The Red and the Black II : retours croisés sur une expérience rituelle

Résumé Fr En

Dans les années 1990, Michael Houseman avait introduit dans ses cours un rite d’initiation appelé The Red and the Black. Conçu comme un dispositif expérimental et pédagogique pour étudier les dynamiques interactionnelles du rituel, il consistait à faire passer à des candidats masculins une série d’épreuves en présence d’un public féminin qui, tout en intervenant dans le rituel, restait suffisamment mis à l’écart pour que, comme dans un rite initiatique « classique », une partie des événements lui échappe. Une génération plus tard, en 2018, une nouvelle version du rite vit le jour, qui intégrait un volet complet d’initiation féminine. Les rapports de genre ne devinrent pas pour autant plus symétriques : la plupart des hommes ne se rendirent même pas compte qu’une initiation féminine avait eu lieu et les femmes se gardèrent de les mettre au courant.

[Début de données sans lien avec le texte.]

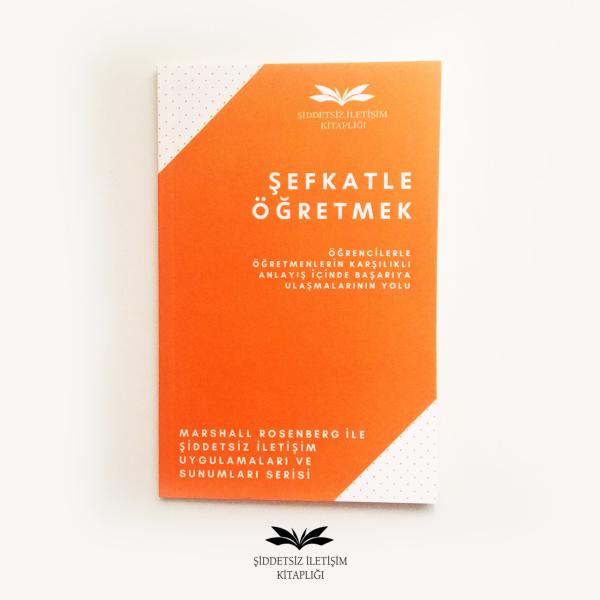 Şefkatle Öğretmek — Marshall B. Rosenberg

Cette asymétrie s’inscrivait dans une série de dispositifs spatiaux et interactionnels que les rites initiatiques mobilisent habituellement pour polariser les genres, et dont il s’agissait de comprendre les ressorts (sensoriels, affectifs, cognitifs) par une expérience de participation observante. Rédigé tantôt collectivement, tantôt séparément par les initié.e.s et les initiateurs/initiatrice du rituel, cet article multi-perspectif essaie d’éclaircir la dynamique – rituelle, pédagogique et ethnographique – de cette expérience, en se fondant sur les comptes rendus des participant.e.s. En transformant graduellement ces notes, souvenirs et réflexions personnels, intimes et dispersés en un texte collectif et public, la production de cet article soulève ainsi également la question du dévoilement de secrets. Il tente, ce faisant, d’élucider les rapports entre les genres et entre les générations mobilisés dans cette expérience, aussi bien par ce qu’ils donnent à voir que par ce qu’ils laissent dans l’ombre.

In the 1990s, Michael Houseman introduced in his courses an initiation ritual called The Red and the Black. Designed to be an experimental, pedagogical tool to study the interactional dynamics of ritual, it entailed having male candidates undergo a series of ordeals in the presence of a female audience. While intervening in the ritual, the females remained at a sufficient distance such that, as in « classic » initiation rites, certain aspects of these events remained beyond their grasp. A generation later, in 2018, a new version of the ritual emerged, incorporating a full-fledged female initiation. This did not however make gender relations any more symmetrical, for most of the men did not even realize that a female initiation had taken place, and the women were mindful not to tell them. Observant participation was employed here to better understand the sensory, affective, and cognitive workings of such asymmetries that are part of a set of spatial and interactional devices commonly used in initiation rites to polarize genders. The resulting multivocal article, written partially collectively and partially separately by the initiates and by the ritual’s initiators, sheds light on the ritual, pedagogical and ethnographic dimensions of this experiment, on the basis of the participants’ notes. Producing this document by gradually transforming scattered, personal notes, memories and thoughts into a collective, public text, also raised questions about the disclosure of secrets. In dealing with these various issues, this article seeks to elucidate the gender- and generation-based relations involved in this experience, by considering both what they make manifest and what they leave in the dark.